Their point was that it was a silly question (it was.) And that it was feeding a liberal meme (it is.)

But the notion that this means we should ignore it is also silly.

In the heat of a campaign, it might be wise to parry such questions  — and pivot to talking about your strengths. This is called staying on message. But I’m not on a campaign. And the election is over.

If there were ever a time to have a serious conversation about such topics, it is now. Sweeping controversial topics under the rug obviously won’t help.

Conservatives have another point — which is hypocrisy. Remember the time Democratic Rep. Hank Johnson worried that putting more Marines on Guam could cause it to capsize?

And as Slate points out that Barack Obama has ducked a similar question to the one Rubio dodged. But the “they do it too!” argument isn’t an excuse to avoid actually coming up with a coherent worldview that squares God and science.

Because conservatives have willfully allowed this to metastasize — liberals have effectively cast Republicans as the anti-science party. For this reason, incidents that seem to confirm this narrative are especially hurtful.

Mark Halperin nailed it on “Morning Joe”:

“There’s one area where Democrats are really far ahead of Republicans right now. Science and technology, no. It’s doing this thing that Democrats failed to do in 2000, to stop George W. Bush, which is really, really early on using the left-wing Freak Show to define anyone who’s thinking of running for President, as quickly as possible, in negative terms on Twitter, on cable, on the Internet. They’re all over this Rubio thing because they want to control his image in a negative way and they did it this cycle too. They went after Romney early, it really hurt him. And they’re doing it now.”

And so, this is a strategy. Like Sarah Palin in 2008, Democrats view Marco Rubio as a major threat — not just for one or two elections — but someone who could undermine their advantage among the college educated, the young, and Latinos. Like Palin in ’08, he is viewed as an existential threat.

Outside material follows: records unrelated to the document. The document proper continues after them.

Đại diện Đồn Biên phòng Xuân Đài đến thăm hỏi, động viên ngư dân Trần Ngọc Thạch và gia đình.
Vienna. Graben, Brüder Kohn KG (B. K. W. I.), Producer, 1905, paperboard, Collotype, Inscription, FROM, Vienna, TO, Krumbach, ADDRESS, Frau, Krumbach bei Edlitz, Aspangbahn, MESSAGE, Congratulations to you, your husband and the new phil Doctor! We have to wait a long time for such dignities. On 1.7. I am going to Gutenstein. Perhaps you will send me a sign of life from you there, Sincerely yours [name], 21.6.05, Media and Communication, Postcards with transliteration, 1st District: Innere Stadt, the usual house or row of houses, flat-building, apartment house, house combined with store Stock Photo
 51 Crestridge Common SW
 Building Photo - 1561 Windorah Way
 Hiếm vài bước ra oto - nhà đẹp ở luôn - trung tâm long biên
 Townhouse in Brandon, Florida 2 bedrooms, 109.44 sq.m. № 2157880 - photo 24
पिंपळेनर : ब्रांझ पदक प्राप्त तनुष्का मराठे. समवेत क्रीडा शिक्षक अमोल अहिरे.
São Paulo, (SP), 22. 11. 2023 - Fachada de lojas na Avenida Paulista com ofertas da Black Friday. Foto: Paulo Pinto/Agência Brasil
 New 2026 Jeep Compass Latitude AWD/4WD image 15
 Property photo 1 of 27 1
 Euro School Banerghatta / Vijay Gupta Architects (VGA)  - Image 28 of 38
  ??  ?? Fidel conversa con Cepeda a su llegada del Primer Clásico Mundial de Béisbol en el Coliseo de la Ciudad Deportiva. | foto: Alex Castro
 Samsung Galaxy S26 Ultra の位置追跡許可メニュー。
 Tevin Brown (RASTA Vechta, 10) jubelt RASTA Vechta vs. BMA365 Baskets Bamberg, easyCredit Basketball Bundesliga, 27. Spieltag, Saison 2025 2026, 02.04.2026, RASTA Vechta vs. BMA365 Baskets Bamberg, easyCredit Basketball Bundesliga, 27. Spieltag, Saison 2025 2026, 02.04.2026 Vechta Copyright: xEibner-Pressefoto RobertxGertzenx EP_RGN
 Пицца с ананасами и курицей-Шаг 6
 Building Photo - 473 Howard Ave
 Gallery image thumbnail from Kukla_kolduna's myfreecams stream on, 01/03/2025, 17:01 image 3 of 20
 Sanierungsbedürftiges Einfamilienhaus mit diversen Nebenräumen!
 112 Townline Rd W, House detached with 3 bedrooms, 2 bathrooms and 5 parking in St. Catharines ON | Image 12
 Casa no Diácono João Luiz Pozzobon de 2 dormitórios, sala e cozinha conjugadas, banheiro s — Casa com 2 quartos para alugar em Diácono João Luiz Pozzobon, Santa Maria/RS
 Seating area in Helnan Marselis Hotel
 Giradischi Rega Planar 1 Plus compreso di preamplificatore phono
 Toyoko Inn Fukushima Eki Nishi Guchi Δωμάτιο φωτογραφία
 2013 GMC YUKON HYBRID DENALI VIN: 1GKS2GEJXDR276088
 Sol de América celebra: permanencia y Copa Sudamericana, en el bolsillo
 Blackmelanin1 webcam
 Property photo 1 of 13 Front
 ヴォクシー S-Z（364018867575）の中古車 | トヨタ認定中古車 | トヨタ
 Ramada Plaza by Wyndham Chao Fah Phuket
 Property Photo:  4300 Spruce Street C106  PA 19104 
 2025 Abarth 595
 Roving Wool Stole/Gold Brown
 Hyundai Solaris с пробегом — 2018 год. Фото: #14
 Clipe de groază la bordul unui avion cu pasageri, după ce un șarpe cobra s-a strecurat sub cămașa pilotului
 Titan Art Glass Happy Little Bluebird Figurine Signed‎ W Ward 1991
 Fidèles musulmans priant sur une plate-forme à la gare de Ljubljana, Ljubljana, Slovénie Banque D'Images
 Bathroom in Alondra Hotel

And just like Palin — whom they feared — they wan’t to destroy his credibility; to make him a joke.

For obvious reasons, it is vital that Rubio — and, in fact, all conservatives going forward — be able to articulate a serious conservative worldview that doesn’t fit the “anti-science” stereotype. (This is part of what I mean when I talk about cosmopolitan conservatism.)

Rubio might think he’s just getting his feet wet, but it’s “game on.”